阿倫特析裡爾克《杜伊诺哀歌》讀後笔记
上帝的力量确实被感受到了;但全能者是谁以及祂在哪——这仍然以问题的形式保留了下来,而这问题,不再希望(得到)某种答案。然而,问题并不因答案的缺乏而受损;相反,它作为向绝望——因上帝的可遭遇性(encounte rability[Treffbarkeit])而感到绝望——的忧虑的、迅速的转变而幸存下来。相反,对满足于自身的感觉、认为没有某个人格的上帝也行的一切非义务的(non-obligatory)的虔敬,里尔克都在“单一者”的不确定性中保留了客体性的最后的剩余(residuum)。——阿伦特
本体论,在哲學;上帝論,在宗教。關注這個角度,裡爾克是從時代論時間論切入,加上人倫,愛,祈禱,聽令(天上之康德式命令),以及里爾克特殊意象之營造,複合了馬拉美等詩歌語言式微(死亡)之邏輯——這個邏輯範式,其實是對人類思考的強迫羈絆。作為東方習慣閱讀詩之自然,自然之詩者類,與西方詩歌比較,可以捋出一個線索。西方詩歌從耶利米哀歌,到裡爾克哀歌,出現的軌跡是上帝死去活來或活來死。但尼采有說,他是殺不死的雲雲。說上帝離開,退場者很多,如馬拉美。而自然論者,如中國詩歌中的自然,以後自瑤,自由,自己--都是和馬拉美,裡爾克大相逕庭。因為一,上帝之在,上帝之不在,都是和人牽著關係,而不是無關係。

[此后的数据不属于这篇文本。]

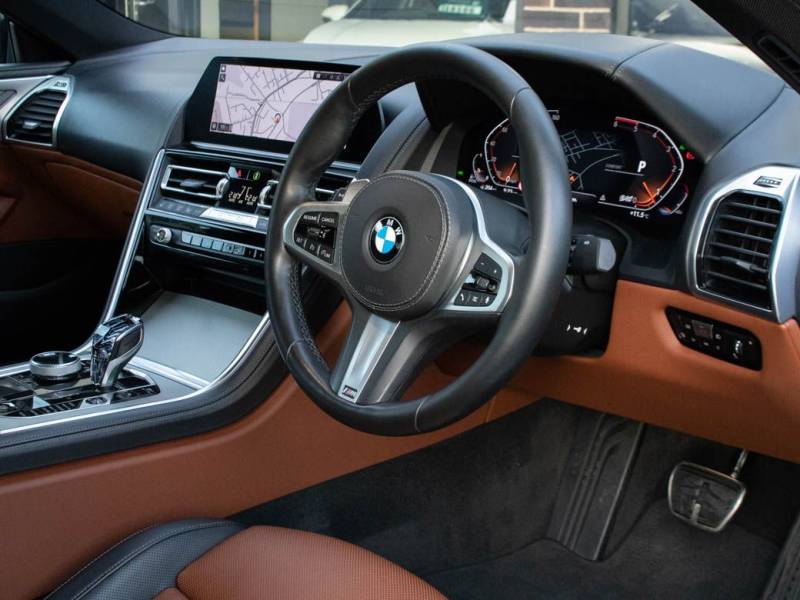 BMW 8 Series   Registered:2019(19)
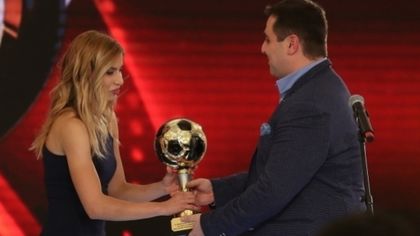 Евдокия Попадинова отново е №1 при жените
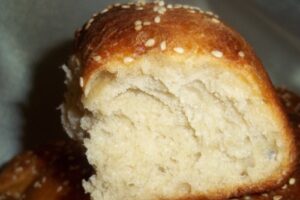 Молочний картопляний хліб з кунжутом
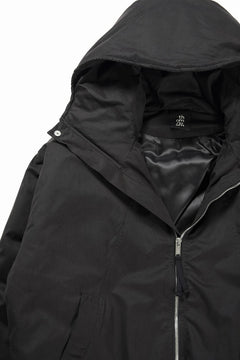 画像をギャラリービューアに読み込む, thom/krom HOODIE SHORT JACKET / WARM PADDED (BLACK)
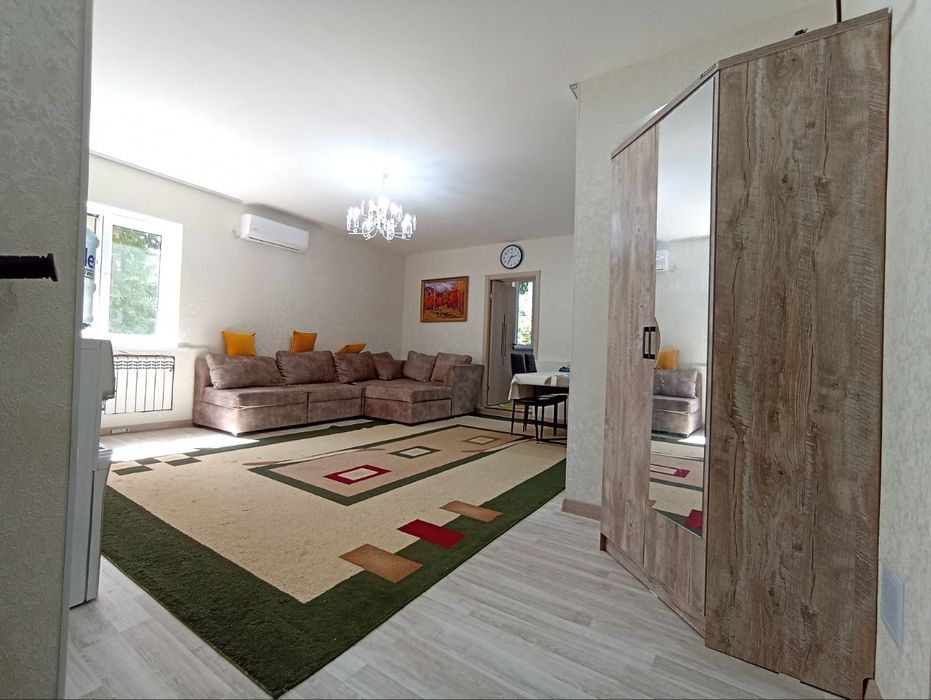 Продаю 4-ком. кв. БИЙ, Максим Горький, кирпич, 86 м², 2/4 эт., срочно!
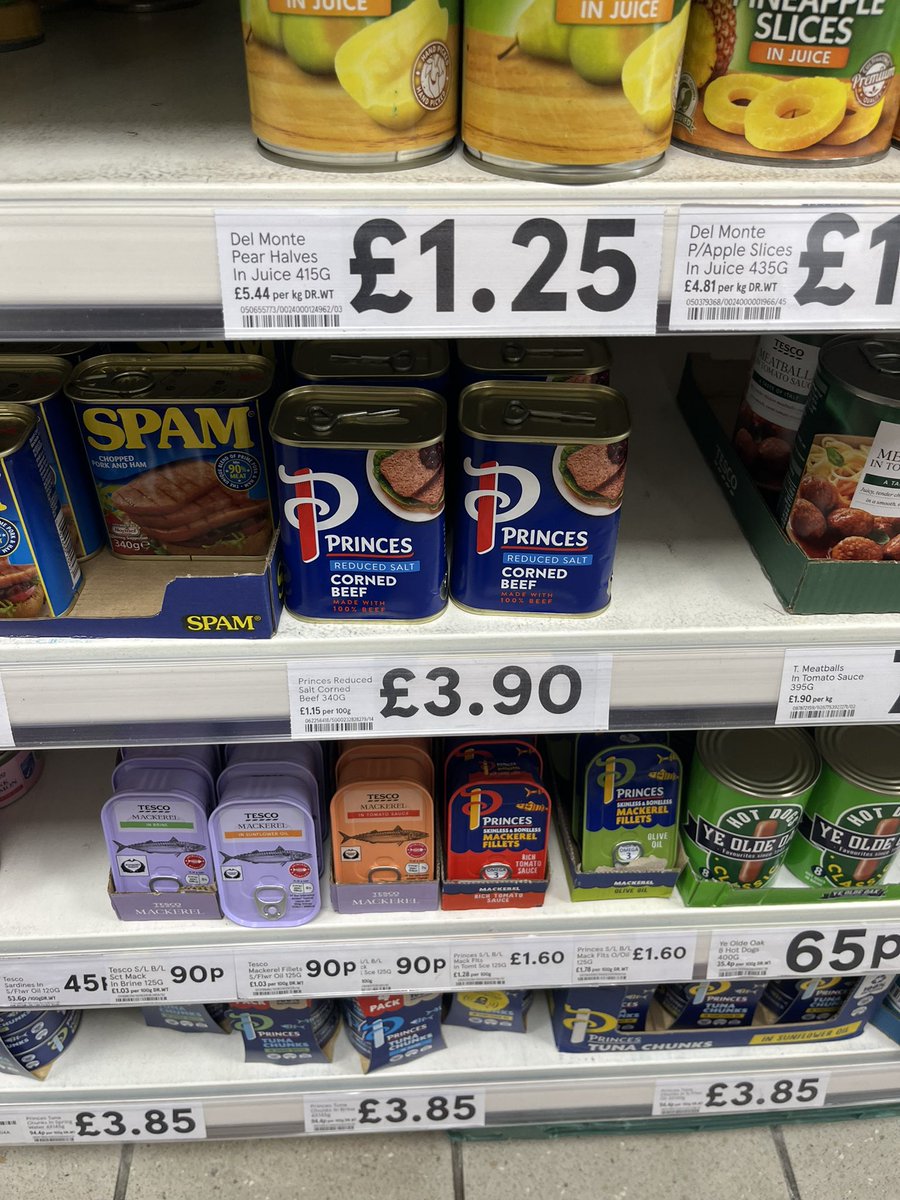 hevbev85's tweet photo. #tesco #princes #mrkiplings #spam this is utterly ridiculous… the cost of living is increasing everyday but nearly £4 for a tin of corned beef …. Daylight robbery this is insane… tinned food is costing as much or more than fresh food …. #countrysgoingtothedogs https://t.co/U9LP7lVC5J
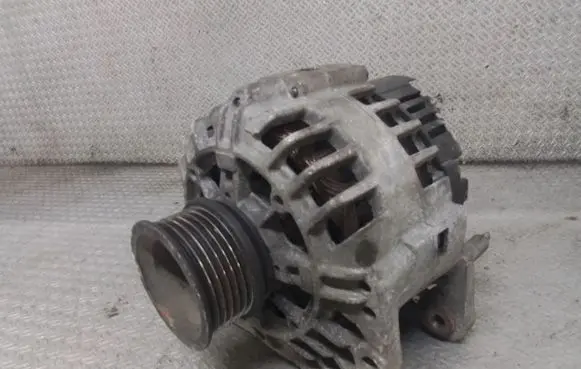 Skoda Octavia Mk1 (1U) Generator/alternator 030903023J 2542241B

二,上帝和人之間性,在馬丁布伯那裡是大寫者和人之關係。當然,自由,自然之本義就是自然,造物,人群其來有自,無需造物,不是被動語態,是可以自得其在,其樂,其命,而不比上帝,鬼神,超驗的,因此也沒有老天爺是不是缺位退場的問題。這是最大的區別。於是哀歌面對上帝,李杜看輕老天爺,說法如此。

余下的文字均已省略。